Asheville City Council made national headlines during its July 14 meeting after unanimously approving a resolution calling for community reparations for Asheville’s Black residents.
“The blood capital that we have banked to spend today to fight for significant change came predominantly not from our allies, but from Black men, women and children who died to get to this very moment,” said Council member Keith Young who, along with Asheville’s Racial Justice Coalition, proposed the agenda item. “Hundreds of years of Black blood spilled that basically fills the cup that we drink from today.”
The vote follows weeks of protests and national conversations around systemic racism in the wake of the killing of George Floyd by police in May. The July 14 consent agenda also included a resolution authorizing the Asheville Area Arts Council to install a Black Lives Matter mural around Pack Square Plaza. In June, Council also voted in favor of a joint resolution with the Buncombe County Board of Commissioners to remove two downtown Confederate monuments, and shrouded the Vance monument earlier this month.
The reparations initiative directs City Manager Debra Campbell to establish a Community Reparations Commission within the next year. That commission will be tasked with developing short, medium and long term recommendations aimed at addressing generational wealth disparities, increasing minority home and business ownership, closing the gaps in health care and education and increasing fairness in regards to criminal justice within Asheville’s Black community.
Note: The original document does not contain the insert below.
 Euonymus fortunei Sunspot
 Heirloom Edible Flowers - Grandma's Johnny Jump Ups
Campbell will be required to provide a twice-yearly update to the Council on the progress of the commission.
The resolution also acknowledged the city’s history of displacing Black residents, who according to census data make up nearly 12% of the city’s population, and apologized for its participation in and sanctioning of slavery, the enforcement of racial segregation and other harms aimed at Asheville’s Black community.
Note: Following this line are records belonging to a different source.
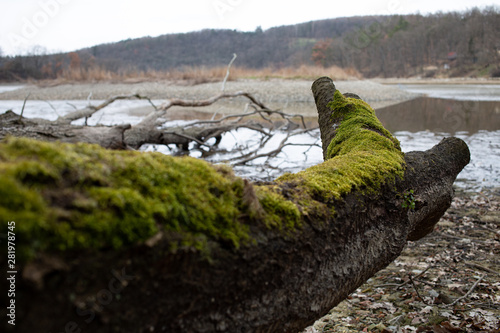 Moss on fallen log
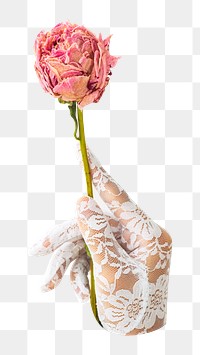 PNG Woman in a lace glove with a dried pink peony flower, collage element, transparent background.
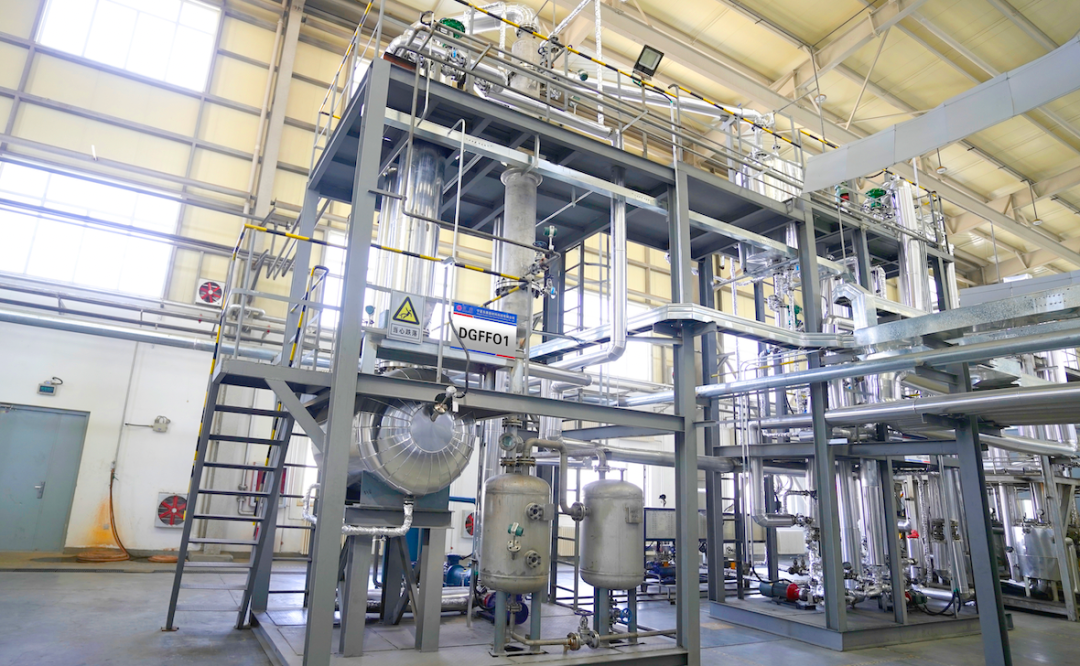 What Are the Representative Solutions of Dodgen on the Process What Are the Representative Solutions of Dodgen on the Process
The measure stopped short, however, of providing direct payments to Asheville’s Black residents. While the move was overwhelmingly supported by residents who called, emailed and spoke via live-call during public comment, it was also criticized by some residents that disagreed with the concept of paying or otherwise making amends to Black people for the wrongs of slavery and racial injustice, and by people that support reparations but felt as though the measure did not go far enough.
Council also voted to table a nearly $83,000 contract with a consulting firm recommended by City Attorney Brad Branham to investigate the actions of the Asheville Police Department during protests that lasted from late May into mid-June.
A June 14 letter signed by all seven Council members directed Branham to locate an independent third-party firm to provide an analysis of whether the strategies and tactics employed by local police during the recent protests were consistent with the best practices of law enforcement agencies. The investigation’s aim would focus on APD’s use of riot gear, pepperballs and tear gas on demonstrators, as well as the destruction of supplies at a medic station.
Branham told Council members in the July 14 meeting that he recommended Hillard Heintze, a Chicago-based consulting firm specializing in security risk management, to undertake the probe. The four-person team who would lead the investigation in Asheville would be a mix of law enforcement professionals and attorneys with experience in the areas of criminal justice, civil rights and criminal and constitutional law. He said that investigation would only focus on police action during May 30-June 6. The entire investigation process would take roughly 3-4 months to complete and cost the city almost $83,000.
Council member and Public Safety Committee Chair Brian Haynes, who, along with committee member and Council member Sheneika Smith first called for an investigation after the city received numerous complaints from residents regarding the actions of police. During the July 14 meeting, Haynes pushed back against hiring the team citing both the cost and narrow scope of the investigation, which he said should also examine the actions of police toward counter-protesters, some of whom pointed assault-style rifles at demonstrators.
Haynes, who during the June 23 Council meeting asked that Council add a vote on whether to issue a temporary ban on the use of tear gas to the July 14 agenda, also questioned the benefits of the investigation.
“What can we expect to see in these findings? They may conclude that some of the actions taken by APD during the protests were inappropriate under the circumstances but they will almost certainly conclude that no laws were broken,” said Haynes, reading from a prepared statement. “They will likely provide information showing these so-called nonlethal uses of force to be widely accepted methods of crowd control, leaving it up to us Council and the community to decide whether or not it was or is the right thing to do.”
After an hour of public comment in which the majority of speakers opposed the contract, the motion to table the issue passed 6-1 with Council member Vijay Kapoor voting in opposition. Haynes, Smith and Vice Mayor Gwen Wisler, who make up the city’s Public Safety Committee, will determine the city’s next steps in how to move forward with an investigation.